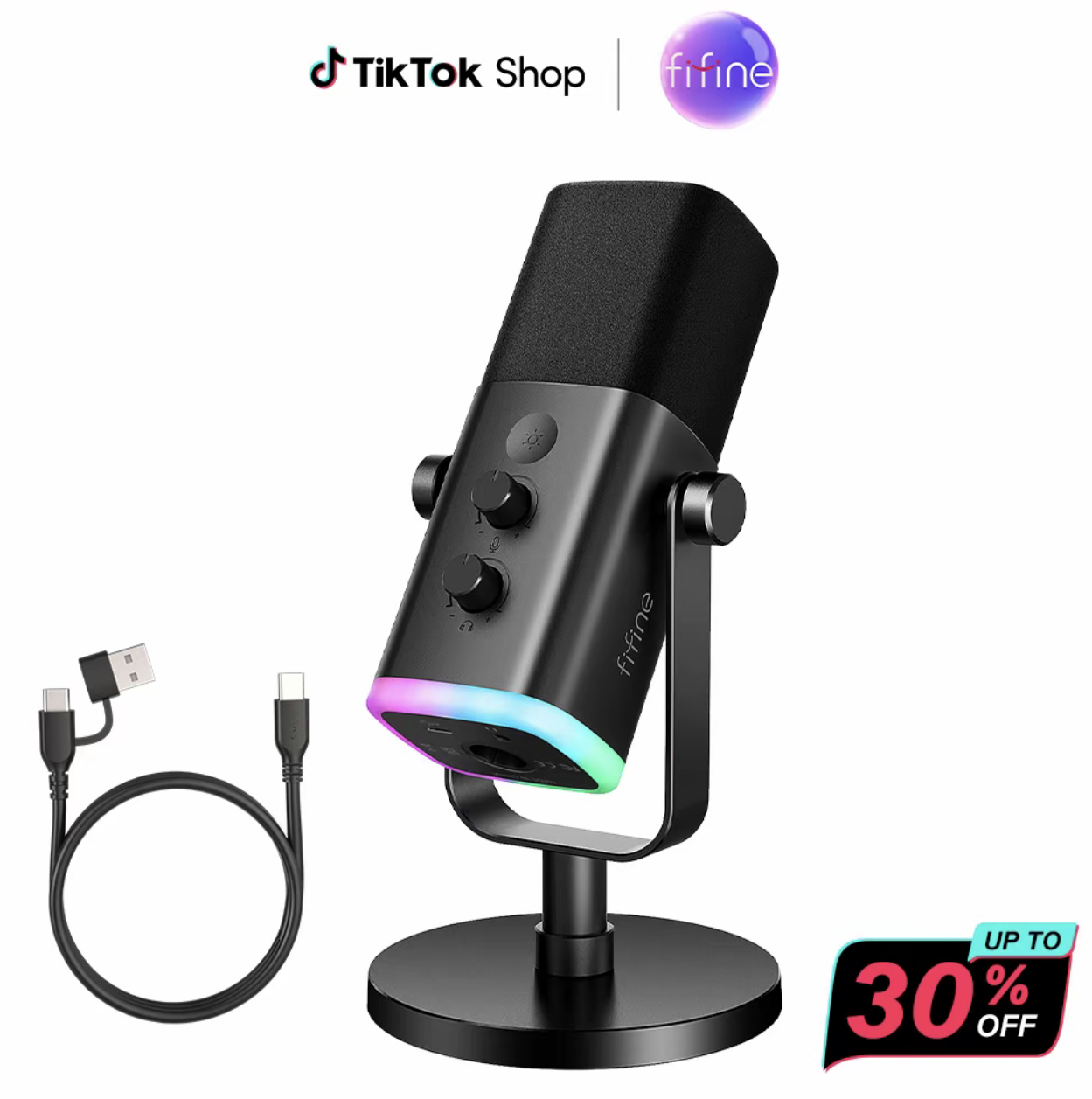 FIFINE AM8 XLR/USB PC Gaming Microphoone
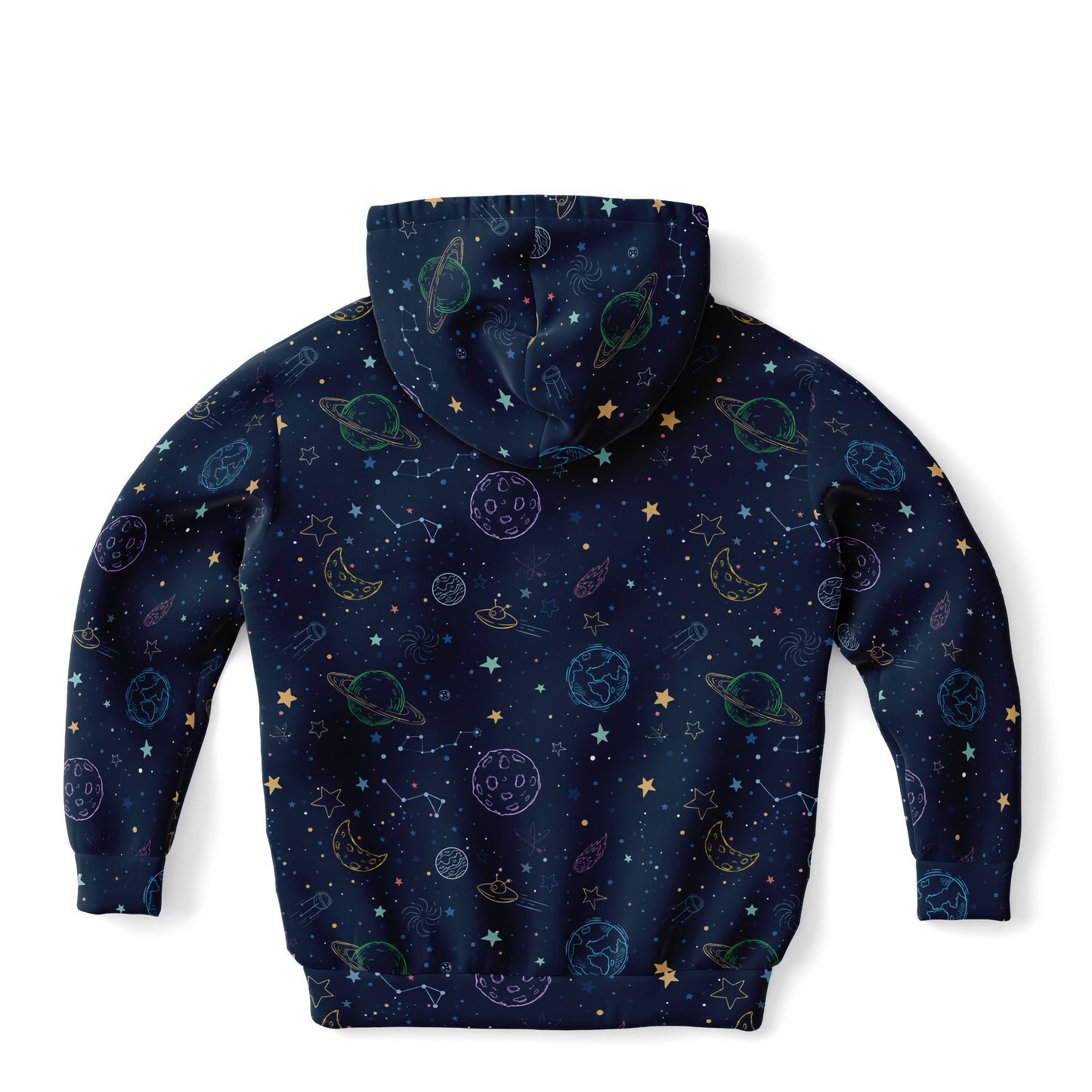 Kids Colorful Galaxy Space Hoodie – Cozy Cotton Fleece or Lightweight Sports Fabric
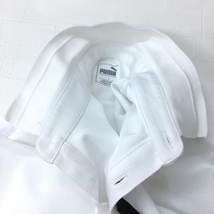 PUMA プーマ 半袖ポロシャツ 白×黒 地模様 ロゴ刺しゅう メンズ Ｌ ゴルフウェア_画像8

**What this task involves**
In your copy, include no pictures and only the lines from the line with "Kids Colorful Galaxy" through the final line of the listing above, reproduced exactly.

**Response to the exercise**
 Kids Colorful Galaxy Space Hoodie – Cozy Cotton Fleece or Lightweight Sports Fabric
 PUMA プーマ 半袖ポロシャツ 白×黒 地模様 ロゴ刺しゅう メンズ Ｌ ゴルフウェア_画像8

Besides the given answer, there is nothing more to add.